March & April weren't particularly kind to the first baseman. Busch's 2025 represented a breakout; he reined in his approach, cut down on the strikeouts, and slugged 34 home runs on his way to establishing himself among the more valuable players the position had to offer. His first month of 2026, however, failed to demonstrate the same growth. He slogged his way to a .193/.295/.281 line with a 71 wRC+. His isolated power checked in at a mere .088. Even if we were to attribute some of that to a woeful .241 batting average on balls in play, there was enough chase (28.6 percent) and enough of a struggle to generate hard contact (a 32.9 percent rate that was 15 points below 2025) for valid concern.
Even as his counterparts throughout the lineup have fallen off at the plate here in May, though, Busch has gotten himself back on track. It's not merely that the production is there, either. It's loud production backed by some really impressive underlying elements.
Through his first 80-ish plate appearances of the month, Busch's line reads .317/.468/.567 with a 190 wRC+. He has an even split between his strikeout and walk rate, with a 21.5 percent number in each. Only five qualifying hitters have posted a better wRC+ and only three have walked at a higher clip than he has. The .405 BABIP helps to indicate a leveling out of his fortunes, but there are so many positive things happening beyond the luck component.
Between the two months, Busch has managed to nearly double his rate of hard contact:
He's managed to increase the Hard-Hit% against each of the three pitch types, but it's especially been true against breaking pitches and fastballs; his hard-hit rate has leapt from 40 to 75 percent against the former and from 32.8 percent to 62.2 against the latter. While that's happening, his groundball rate has plummeted. Busch is putting balls on the ground just 31.8 percent of the time in May against 48.2 percent in March & April. That's resulted in a six percent uptick in line drives and a 13 percent jump in fly balls. That means that the all-important PullAIR% has risen steadily, with Busch now at 17.3 percent for the year.
It appears that this really comes down to settling back into his approach. Throughout his two years on the North Side, we've watched Busch graduate from more of a free swinger prone to swings and misses to a much more calculated presence at the plate. Between the first two months of the year, he's cut his chase rate by about eight percent (20.9 percent thus far in May). It's not that the contact rate has changed; that's actually remained relatively constant regardless of where the calendar falls. It's that he's been able to do more with the contact he's making.

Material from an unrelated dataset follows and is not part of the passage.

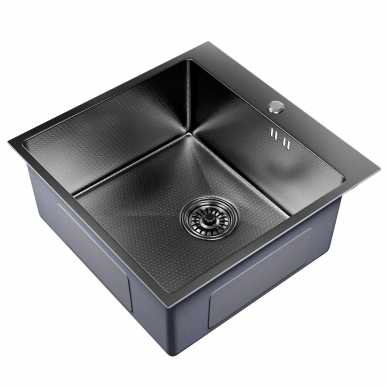 Мойка кухонная Mixline Pro (552931) 50х50, черный графит 0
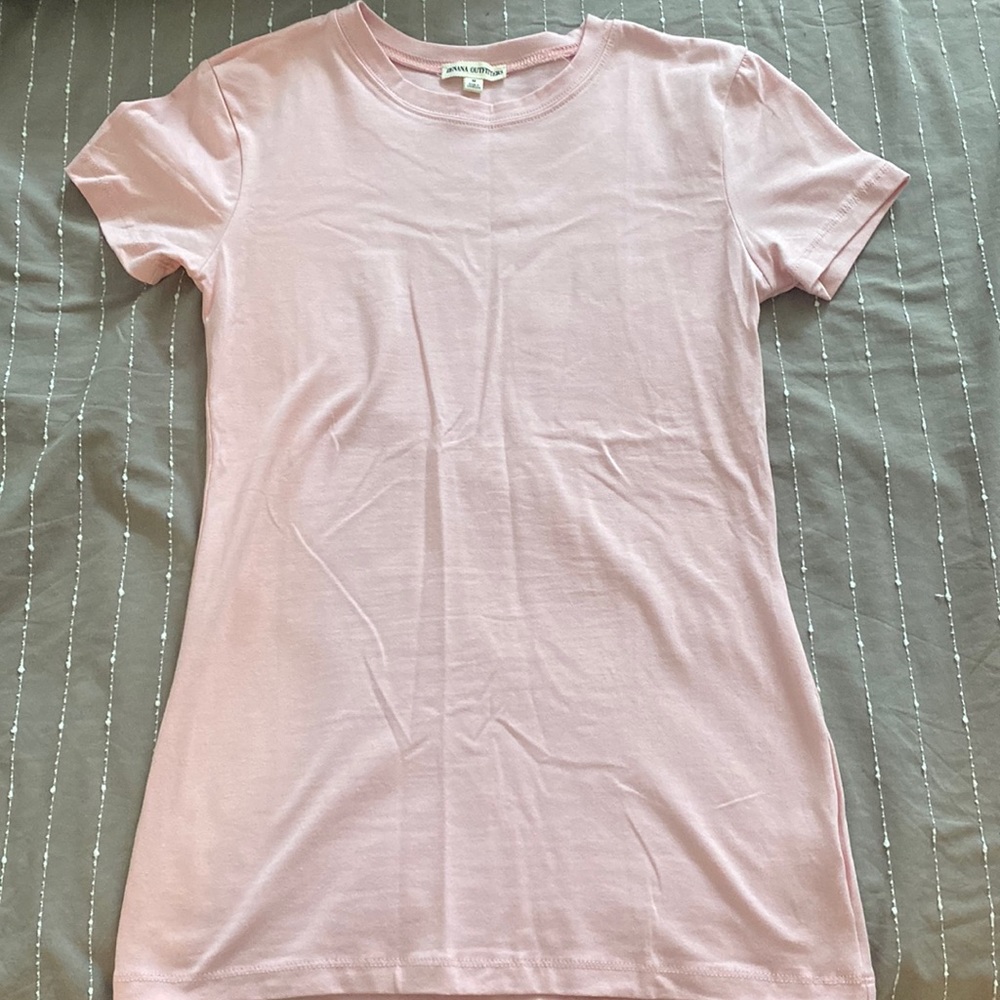 Blush pink tee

Nothing that Michael Busch is doing at the plate should be a surprise. We knew from his initial acquisition from the Los Angeles Dodgers that there was impact in the bat, it was just a matter of if the approach would allow it to be realized. We've seen the development of it over the last two years, and while it disappeared for a bit in the season's opening month, he's managed to settle right back into where he should be. Hopefully, the rest of the Cubs' lineup will follow his lead in short order.